Regavim is adamant that it is that final gesture – building in Area C – which deserves further scrutiny before it becomes a reality.

The principal question is whether there is a true need for building for Palestinians in Area C, or whether there is an ulterior motive here – namely to fulfill the 2009 Fayyad Plan whose goal is to create a de-facto Palestinian state in Area C, which is under full Israeli control, in defiance of the Oslo Accords.

Former Palestinian Authority prime minster Salam Fayyad’s lengthy manifesto calls on Palestinians to put facts on the ground in Area C, including schools, mosques and houses, in anticipation of failed negotiations between Israel and the PA. His hope is that with swaths of illegally funded (by the EU) towns and villages on the ground in strategic locations in Area C, the world community will automatically call for those areas to be transferred to PA control.

A visit to the E1 area, the South Hebron Hills and other locations in Judea and Samaria will prove that the PA over the past seven years has been attempting to implement the Fayyad plan, with an abundance of illegal building, funded mostly by the EU.



It’s important to note that many of the Palestinians and Beduin living in these illegal communities in Area C have been trickling into these areas from Areas A and B.

So the only real way to find out if there is a legitimate need for building in Area C, or whether this is all a ruse, is for the State of Israel to conduct an accurate census of the Palestinian population in that area. Regavim in fact has been demanding such action be taken since 2010.
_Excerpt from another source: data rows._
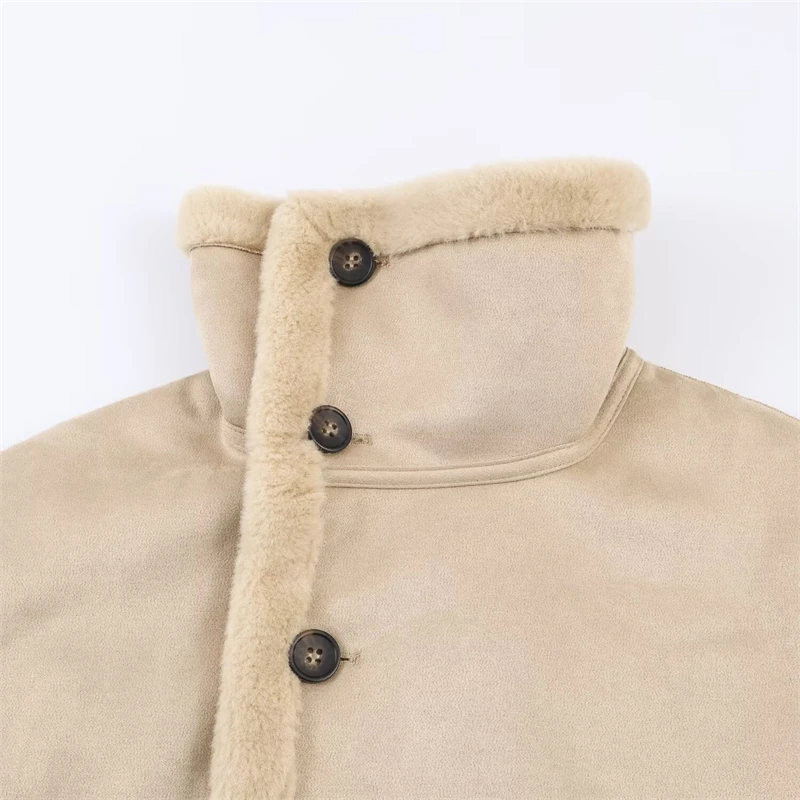 Giacca da donna in pile reversibile beige Teddy - Cappotto corto asimmetrico con colletto alto e bottoni, caldo invernale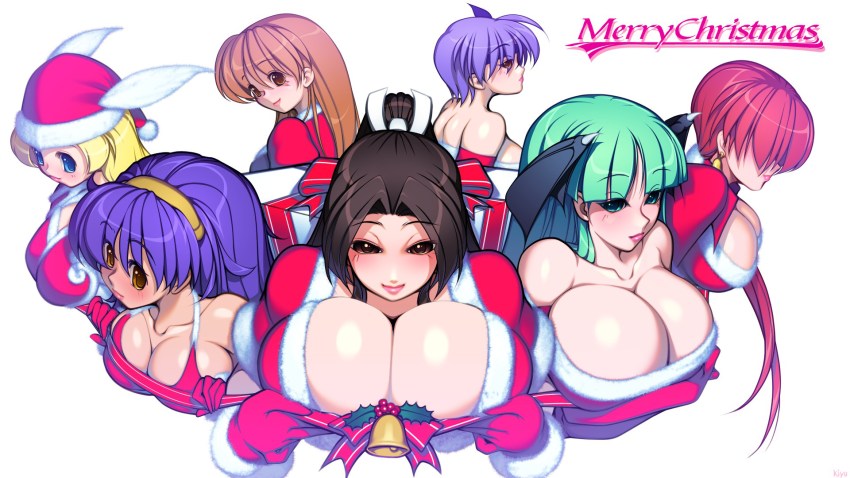 6+girls asamiya_athena ayane_(doa) bare_shoulders bell blonde_hair blue_eyes blush breast_hold breasts brown_hair christmas cleavage crossover dead_or_alive demon_girl earrings elbow_gloves fur_trim gift gloves green_eyes green_hair hair_over_eyes hairband hat hat_feather head_wings headband high_res hitomi_(doa) huge_breasts jewelry king_of_fighters konekonewasabii legend_of_valkyrie long_hair mistletoe morrigan_aensland multiple_girls namco ponytail purple_hair red_gloves red_hair santa_costume santa_hat shermie shiranui_mai short_hair succubus tan valkyrie_(vnd) valkyrie_no_densetsu vampire_(game) wallpaper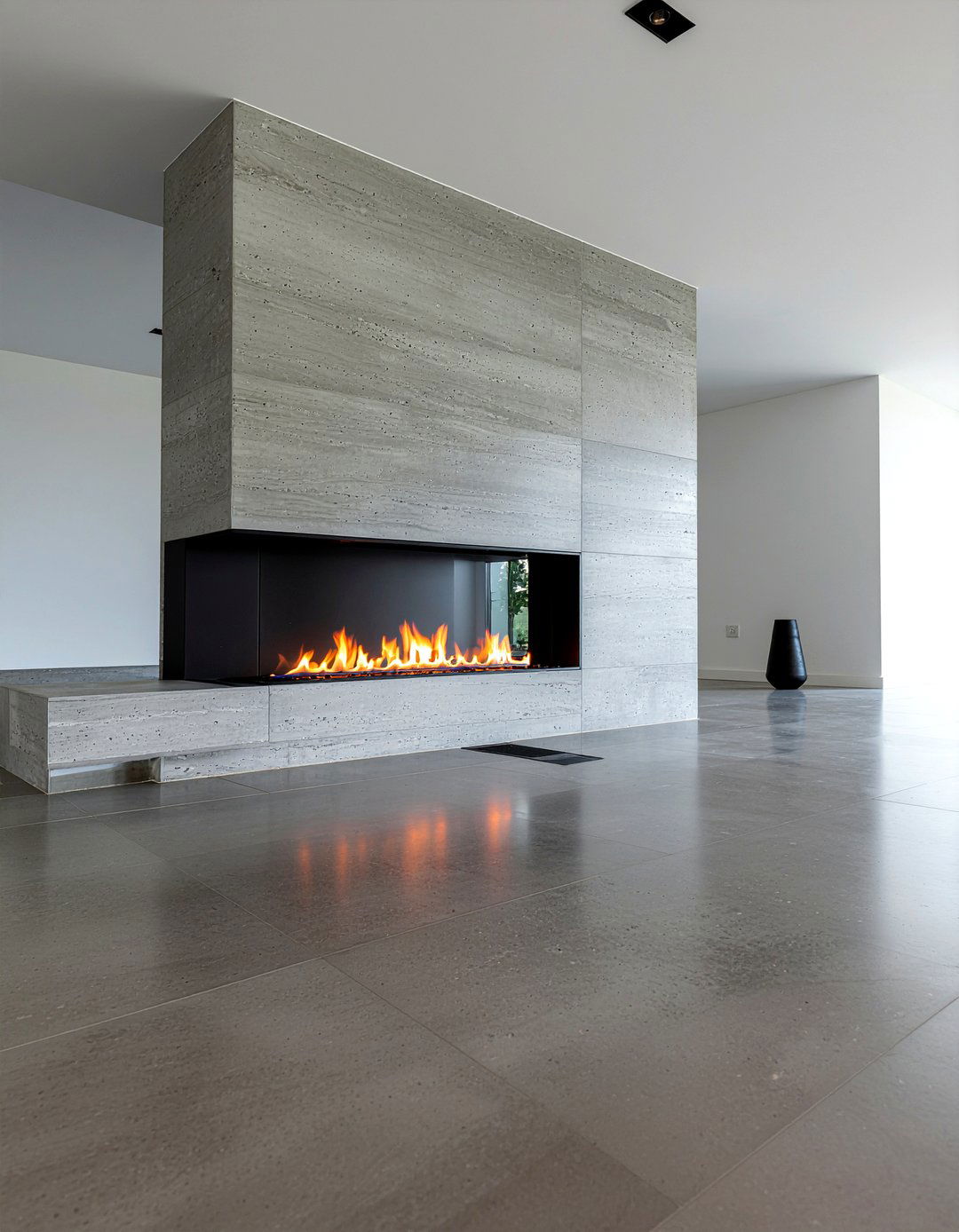 Modern fireplace - 30 minimalist living room ideas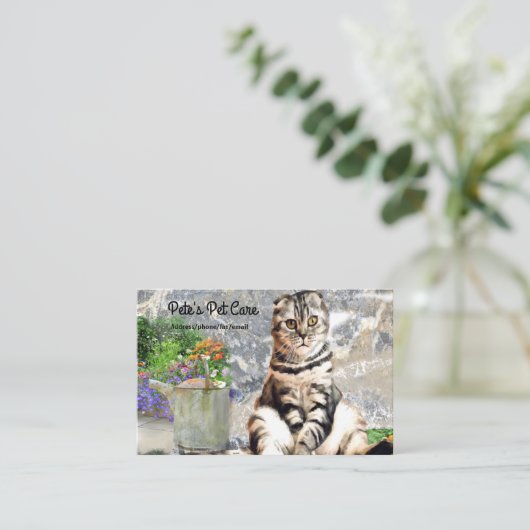 かわいい英国猫のカスタムな名刺 名刺 (スタンド正面)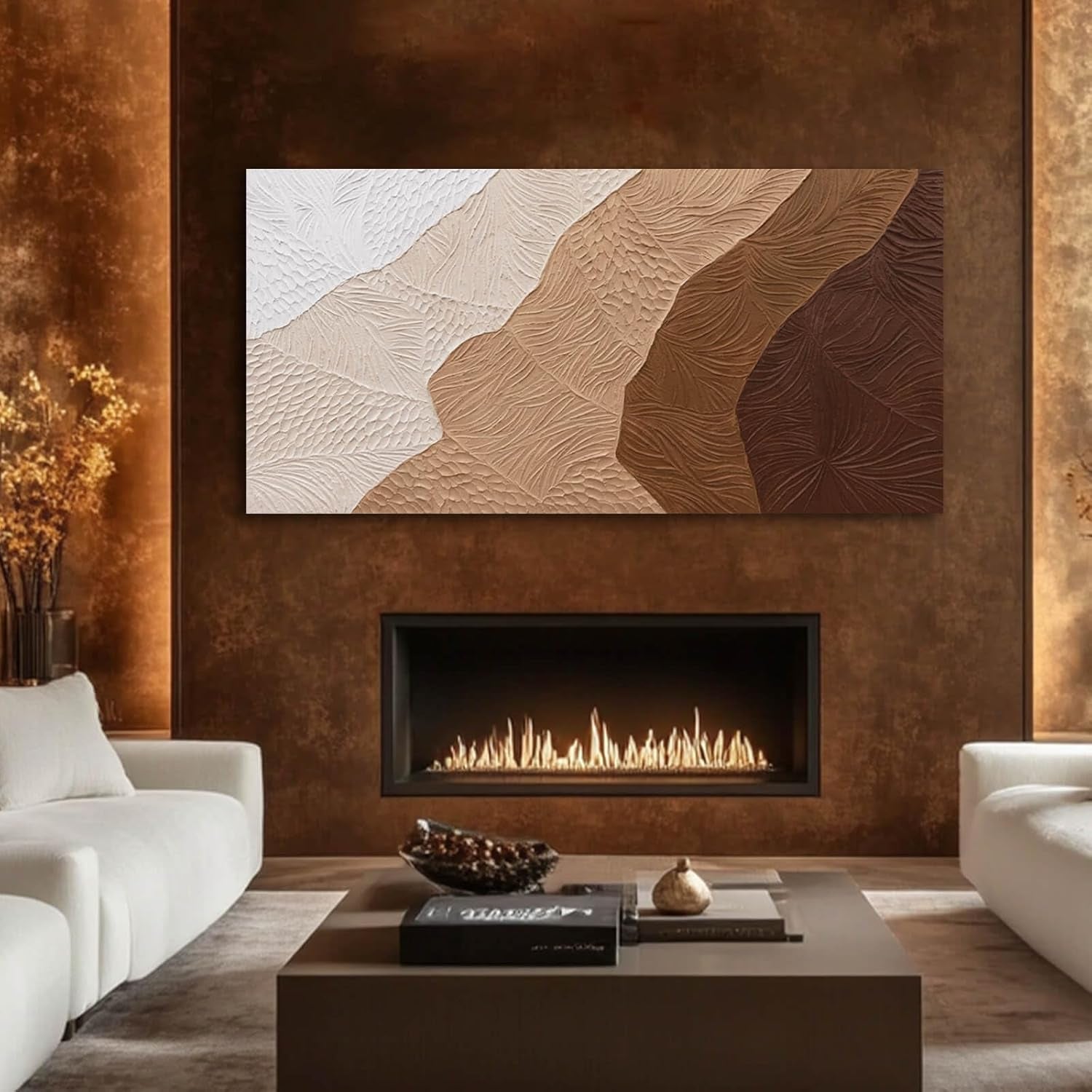 White Brown Monochromatic Canvas Wall Art 29x58 Inches-4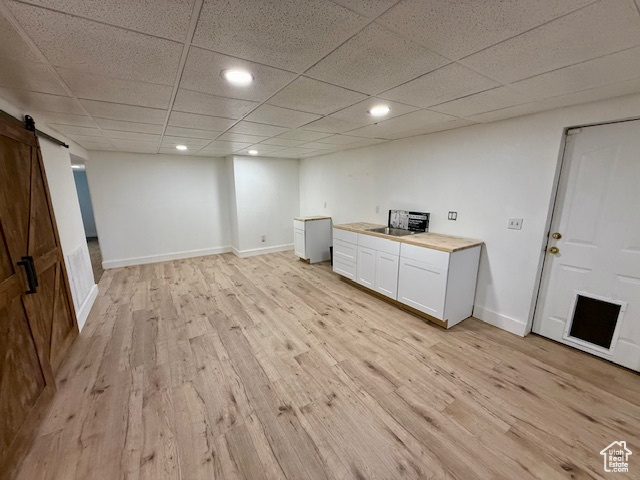 New basement kitchen with disposal. Hookups for a range, microwave, and refrigerator.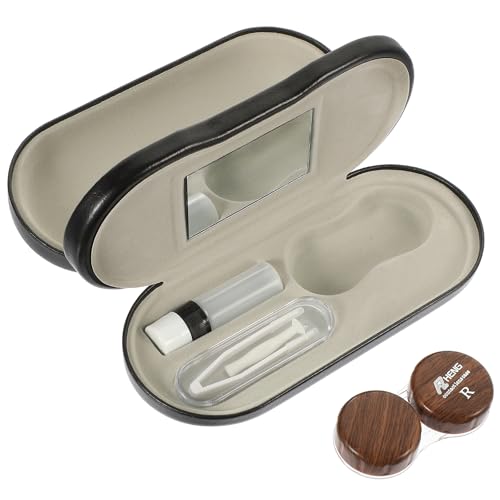 Boîte à lunettes double en cuir PU et métal pour ranger deux paires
The last time Israel conducted a census there was in 1997, over 20 years ago. Since then Israel has been relying on PA figures, but a slew of researchers have indicated that the PA numbers are inaccurate.

An example of the discrepancy is a 2011 UN Humanitarian Fact Sheet on Area C, which estimates that there are 150,000 Palestinians and Beduin living in that area, while Minister Bennett’s proposal to apply Israeli sovereignty over Area C claims that there are roughly 50,000 Arabs living there.

We will never know the truth without a proper census.

Regavim, which is in favor of the application of sovereignty over Area C, is not opposed to construction benefiting Palestinians who lived in that area since 1993, as long as a proper census is conducted proving that the need has arisen as a result of natural growth, as opposed to illegal transfers of populations from areas A and B.

At the same we believe that it is only fair that if the government approves construction projects for Palestinians in Area C that it should also approve building for the Jewish residents of the area as well.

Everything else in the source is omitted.